Boat Handling With Jon Emmett

Book Extract

The phrase ‘boat handling’ refers to any skills that are not directly related to straight line speed.

These can often be practised on land where the boat is securely tied to the trolley, and you can analyse very carefully what is best to do with your hands and feet with no risk of a capsize.

The important thing is to be able to perform near perfect boat handling manoeuvres under pressure as this gives you lots of tactical options. For example, if you know that you can tack under someone without being rolled, or if you can gybe quickly making it hard for someone to cover you (or easier for you to cover them). You do so many tacks and gybes over the course of a race: if you can make each one just one third of a boat length better, cumulatively that is a huge distance by the end of the race, and many fewer points at the end of a series.

It is also worth noting that slow speed boat handling skills, like those required pre-start, are very important too. It is not all about achieving rapid acceleration: being able to slow down, hold position and turn without going over a start line are all very important.

Practice
Practice makes perfect so, if you think of all the boat handling that you do during the course of a race, it is obvious that boat handling drills are an essential part of any campaign. When sailing high performance boats for the first time, just being able to get around the race course in the upper wind range can be a real achievement (and it is perhaps worth making sure that your first couple of sails are done in light to medium breezes!).

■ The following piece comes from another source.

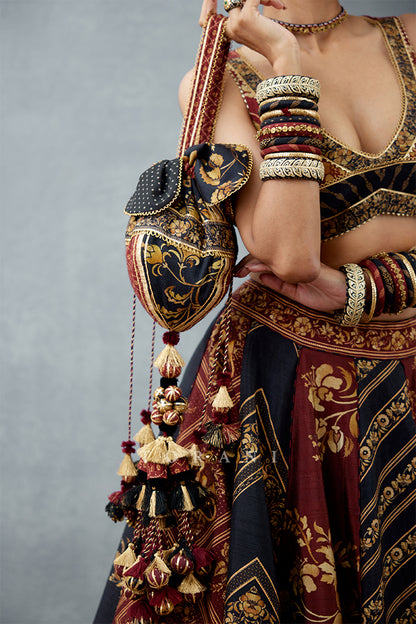 Gulghast Farida Potli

It is advisable to get your boat handling to a reasonable level before you hitch your boat up to go to your first open meeting as you cannot race effectively if your boat handling is not up to scratch (your strategy and tactics will be compromised if you cannot tack / gybe or get around the marks efficiently).

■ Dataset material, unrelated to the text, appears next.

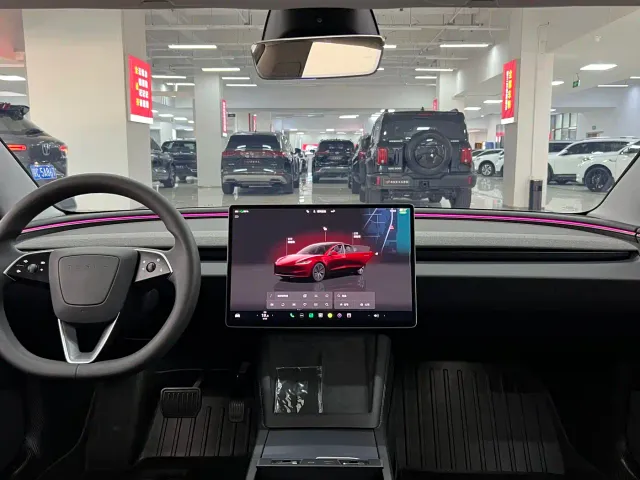 Tesla Model 3 — Фото автомобиля 11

That old cliché: ‘time on the water’ is definitely true when it comes to perfecting boat handling but remember that the more specific and demanding you make your training exercises, the greater the potential improvement. By doing a good range of exercises (rather than simply going out and tacking and gybing) it is possible to keep motivation high, and old skills can soon be remembered again with intensive practice. In fact, practising boat handling can be an excellent way of developing specific fitness (like doing fast spinnaker hoists and drops).

Don’t Apply the Brake
Using the rudder to correct the steering of a boat (forcing it to sail in a straight line when it wants to luff up or bear away) makes the rudder act as a brake. Therefore, any boat will probably be sailing at its fastest when using minimum corrective steerage.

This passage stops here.